| EXERCISE OBJECTIVE |
From the listing below, copy each line where "Design" occurs.
===== SUPPLIED ENTRIES
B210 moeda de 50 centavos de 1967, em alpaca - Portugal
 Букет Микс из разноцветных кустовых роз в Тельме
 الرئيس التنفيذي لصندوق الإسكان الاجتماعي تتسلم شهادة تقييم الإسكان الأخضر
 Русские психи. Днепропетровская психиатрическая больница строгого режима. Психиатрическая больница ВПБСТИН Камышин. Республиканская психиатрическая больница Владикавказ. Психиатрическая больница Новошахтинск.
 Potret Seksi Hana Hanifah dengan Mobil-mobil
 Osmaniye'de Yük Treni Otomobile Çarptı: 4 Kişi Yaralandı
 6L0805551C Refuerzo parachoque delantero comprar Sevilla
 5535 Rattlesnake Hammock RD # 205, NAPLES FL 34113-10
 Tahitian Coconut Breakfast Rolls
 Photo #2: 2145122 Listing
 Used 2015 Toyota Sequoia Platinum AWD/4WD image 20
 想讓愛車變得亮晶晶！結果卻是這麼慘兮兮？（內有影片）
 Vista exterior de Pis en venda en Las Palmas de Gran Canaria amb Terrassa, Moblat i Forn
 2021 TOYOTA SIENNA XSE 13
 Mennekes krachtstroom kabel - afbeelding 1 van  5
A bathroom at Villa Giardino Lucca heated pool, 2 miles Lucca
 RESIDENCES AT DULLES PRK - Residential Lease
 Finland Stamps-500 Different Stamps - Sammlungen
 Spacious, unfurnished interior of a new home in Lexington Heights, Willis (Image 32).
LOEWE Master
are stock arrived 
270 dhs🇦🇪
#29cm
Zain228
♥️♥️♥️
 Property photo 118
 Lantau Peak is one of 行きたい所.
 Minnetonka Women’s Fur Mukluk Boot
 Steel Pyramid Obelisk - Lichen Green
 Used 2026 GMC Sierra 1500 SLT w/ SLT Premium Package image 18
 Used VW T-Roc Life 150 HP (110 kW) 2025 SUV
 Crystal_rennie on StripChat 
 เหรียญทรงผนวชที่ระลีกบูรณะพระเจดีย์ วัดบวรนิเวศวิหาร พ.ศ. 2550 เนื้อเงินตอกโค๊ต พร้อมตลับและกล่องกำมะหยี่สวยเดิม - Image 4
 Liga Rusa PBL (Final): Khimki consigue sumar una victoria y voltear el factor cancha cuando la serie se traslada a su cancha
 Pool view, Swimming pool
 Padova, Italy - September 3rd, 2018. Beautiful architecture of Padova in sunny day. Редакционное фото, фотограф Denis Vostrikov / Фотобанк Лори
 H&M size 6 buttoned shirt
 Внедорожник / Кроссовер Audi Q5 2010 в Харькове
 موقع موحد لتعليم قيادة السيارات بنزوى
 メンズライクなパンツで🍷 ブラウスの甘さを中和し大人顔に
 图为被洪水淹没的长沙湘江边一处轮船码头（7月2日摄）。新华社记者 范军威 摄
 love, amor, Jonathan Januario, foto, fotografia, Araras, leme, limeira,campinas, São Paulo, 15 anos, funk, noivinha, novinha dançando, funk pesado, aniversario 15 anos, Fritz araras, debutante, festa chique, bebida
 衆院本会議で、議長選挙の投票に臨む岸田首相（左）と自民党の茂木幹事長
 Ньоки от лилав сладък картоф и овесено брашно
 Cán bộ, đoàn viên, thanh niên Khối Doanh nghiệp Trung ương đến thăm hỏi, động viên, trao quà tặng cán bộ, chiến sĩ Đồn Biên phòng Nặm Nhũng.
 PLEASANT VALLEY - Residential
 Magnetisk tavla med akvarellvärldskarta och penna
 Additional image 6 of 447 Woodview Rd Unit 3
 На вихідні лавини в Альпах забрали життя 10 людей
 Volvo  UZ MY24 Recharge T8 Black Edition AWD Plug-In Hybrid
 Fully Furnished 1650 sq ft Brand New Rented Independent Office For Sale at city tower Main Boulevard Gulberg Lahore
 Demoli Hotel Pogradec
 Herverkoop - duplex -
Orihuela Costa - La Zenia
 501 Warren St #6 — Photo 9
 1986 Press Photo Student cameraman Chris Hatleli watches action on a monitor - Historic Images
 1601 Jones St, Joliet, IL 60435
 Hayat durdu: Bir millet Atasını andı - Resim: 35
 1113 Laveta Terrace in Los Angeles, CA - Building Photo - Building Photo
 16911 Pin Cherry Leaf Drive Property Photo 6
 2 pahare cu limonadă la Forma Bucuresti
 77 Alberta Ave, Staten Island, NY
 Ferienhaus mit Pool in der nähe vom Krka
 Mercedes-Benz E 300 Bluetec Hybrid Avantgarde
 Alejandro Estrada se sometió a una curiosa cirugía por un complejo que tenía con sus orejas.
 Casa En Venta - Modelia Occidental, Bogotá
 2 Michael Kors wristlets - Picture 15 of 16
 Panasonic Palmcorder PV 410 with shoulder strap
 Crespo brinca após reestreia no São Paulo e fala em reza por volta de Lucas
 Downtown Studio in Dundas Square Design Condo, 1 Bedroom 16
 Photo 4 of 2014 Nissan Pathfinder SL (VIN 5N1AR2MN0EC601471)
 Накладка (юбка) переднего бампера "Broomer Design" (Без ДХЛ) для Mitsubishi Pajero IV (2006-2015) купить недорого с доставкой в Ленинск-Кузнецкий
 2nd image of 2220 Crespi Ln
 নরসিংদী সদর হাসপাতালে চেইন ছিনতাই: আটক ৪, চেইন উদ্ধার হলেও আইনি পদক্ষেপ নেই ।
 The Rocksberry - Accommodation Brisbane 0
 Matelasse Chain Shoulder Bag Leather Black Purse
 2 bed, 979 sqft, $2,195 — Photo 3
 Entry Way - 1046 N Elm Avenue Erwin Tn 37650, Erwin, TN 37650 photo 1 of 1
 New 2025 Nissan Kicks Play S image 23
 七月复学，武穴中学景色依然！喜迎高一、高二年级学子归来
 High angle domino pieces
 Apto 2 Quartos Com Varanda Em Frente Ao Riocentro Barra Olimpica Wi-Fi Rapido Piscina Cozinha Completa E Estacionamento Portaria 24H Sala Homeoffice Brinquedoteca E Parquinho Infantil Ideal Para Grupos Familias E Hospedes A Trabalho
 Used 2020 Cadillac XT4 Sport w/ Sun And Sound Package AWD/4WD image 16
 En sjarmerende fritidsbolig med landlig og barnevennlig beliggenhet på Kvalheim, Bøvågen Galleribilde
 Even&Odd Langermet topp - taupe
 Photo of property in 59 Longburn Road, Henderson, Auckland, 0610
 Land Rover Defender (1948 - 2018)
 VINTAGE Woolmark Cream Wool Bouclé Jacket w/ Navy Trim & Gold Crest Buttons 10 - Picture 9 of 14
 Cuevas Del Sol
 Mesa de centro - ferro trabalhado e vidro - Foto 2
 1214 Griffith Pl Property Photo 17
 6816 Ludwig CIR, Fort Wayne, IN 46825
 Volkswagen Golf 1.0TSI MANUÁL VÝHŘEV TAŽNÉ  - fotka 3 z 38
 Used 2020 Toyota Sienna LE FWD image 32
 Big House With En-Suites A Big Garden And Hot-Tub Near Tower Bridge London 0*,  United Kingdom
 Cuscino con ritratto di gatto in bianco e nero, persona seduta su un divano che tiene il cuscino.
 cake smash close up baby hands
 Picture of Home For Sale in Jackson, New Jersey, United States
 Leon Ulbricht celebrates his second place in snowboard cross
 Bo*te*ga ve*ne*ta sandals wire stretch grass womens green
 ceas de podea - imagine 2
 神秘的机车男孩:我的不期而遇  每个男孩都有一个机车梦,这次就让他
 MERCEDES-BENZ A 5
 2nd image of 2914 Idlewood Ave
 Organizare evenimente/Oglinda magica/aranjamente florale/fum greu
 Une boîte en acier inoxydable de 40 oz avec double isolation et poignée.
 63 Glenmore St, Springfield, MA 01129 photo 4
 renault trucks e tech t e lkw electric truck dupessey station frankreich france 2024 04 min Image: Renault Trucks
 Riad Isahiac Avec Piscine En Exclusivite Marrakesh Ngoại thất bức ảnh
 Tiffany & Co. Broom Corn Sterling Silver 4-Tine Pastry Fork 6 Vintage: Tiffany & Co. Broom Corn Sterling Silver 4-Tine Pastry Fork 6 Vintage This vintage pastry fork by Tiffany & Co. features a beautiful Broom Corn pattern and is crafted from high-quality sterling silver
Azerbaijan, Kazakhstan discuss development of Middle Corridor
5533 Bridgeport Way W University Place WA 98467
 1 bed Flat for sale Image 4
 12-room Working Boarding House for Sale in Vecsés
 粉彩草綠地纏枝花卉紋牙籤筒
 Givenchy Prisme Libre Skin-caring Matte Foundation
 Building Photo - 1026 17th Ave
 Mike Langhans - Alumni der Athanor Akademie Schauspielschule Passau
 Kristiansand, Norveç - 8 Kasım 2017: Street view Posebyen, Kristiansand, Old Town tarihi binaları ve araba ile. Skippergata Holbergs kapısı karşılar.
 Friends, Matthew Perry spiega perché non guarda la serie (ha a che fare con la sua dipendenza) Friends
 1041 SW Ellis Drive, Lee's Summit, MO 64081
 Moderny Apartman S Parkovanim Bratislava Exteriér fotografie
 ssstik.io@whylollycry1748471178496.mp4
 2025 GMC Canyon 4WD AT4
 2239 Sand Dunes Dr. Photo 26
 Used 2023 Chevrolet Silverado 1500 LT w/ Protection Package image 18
==========
| ANSWER SECTION |
 Downtown Studio in Dundas Square Design Condo, 1 Bedroom 16
 Накладка (юбка) переднего бампера "Broomer Design" (Без ДХЛ) для Mitsubishi Pajero IV (2006-2015) купить недорого с доставкой в Ленинск-Кузнецкий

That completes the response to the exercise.